Jack also brought Tess home one night when she had had too much to drink,
But still they work together better than that start might have one think.
Flattery and wedding crashing get them where they want to be,
And then – surprise! – they fall in love. But who could possibly foresee
That Katharine had been dating Jack, who says he’d rather be with Tess?
But when Miss Parker comes back home, she snatches Tess’s great success.
The truth is known, and Katharine (with her crutches) gets the sympathy,
But Jack decides that he believes Tess, though the others disagree.
Yet when Trask attempts to ask how each of them derived the plan,
Kate draws a blank but Tess can say, convincing them that she’s their man.
In the end, Tess goes to work for Trask, who’s thoroughly impressed.

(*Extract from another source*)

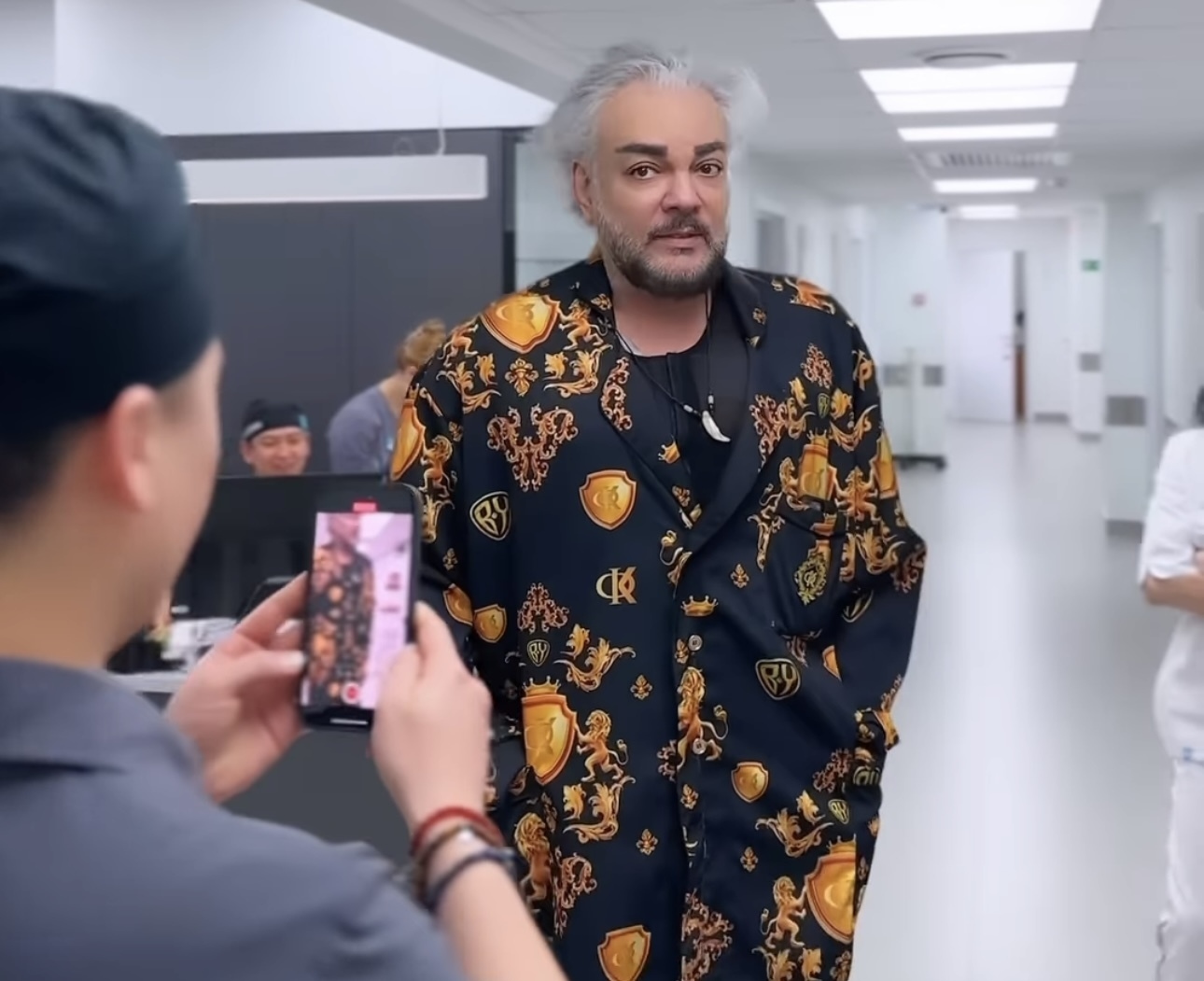 Артист появился в клинике своего хирурга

Dating Jack, her love life too has also been immensely blessed.
Though, at first, she thinks she’s back to cubicles and making do,
Soon she sees that she has power and an office with a view.
Working Girl is a Cinderella story set against the backdrop of the New York banking industry, but this time the damsel transforms her own life without any magical assistance. The acting and the story are outstanding, particularly the performances of Melanie Griffith as Tess, Harrison Ford as Jack, and Sigourney Weaver as Katharine. (Despite the star power and several Oscar nominations, the film only won for best song, and Ford was snubbed entirely.) The characters have humor and charm to spare, and, even with the girl power message, I, as a guy, still enjoyed it. My VC, as a chick, loved it.
I will say that the director and writer included some completely unnecessary adult content, such as language and two scenes of nudity, that detracted from the film overall and was probably thrown in there just to get the Oscar-worthy R rating. Plus, as I mentioned in my previous review for Entrapment, the story has the two leads inevitably and unimaginatively sleep together.
The best part of the whole film, in my opinion, is the Oscar-winning song “Let the River Run,” which plays at the beginning and end and definitely deserves a spot in my End Credits Song Hall of Fame. It’s incredibly lovely and inspiring, though one can’t help but sigh when the Twin Towers are shown so prominently in the opening. (The lobby scenes were even shot in the World Trade Center.) Though it could have been cleaner and the financial jargon flew way over my head, Working Girl is nevertheless a fun and very entertaining romantic comedy.
Best line: (Jack, after Tess has completely passed out from Valium and alcohol) “Would you like a nightcap?”
VC’s best line: (guy) “She took a muscle relaxant for the flight down.” (Katharine, giddily) “Oh, let’s all have one, shall we?”
Visual Effects: N/A (unless you count those huge ‘80s hairdos)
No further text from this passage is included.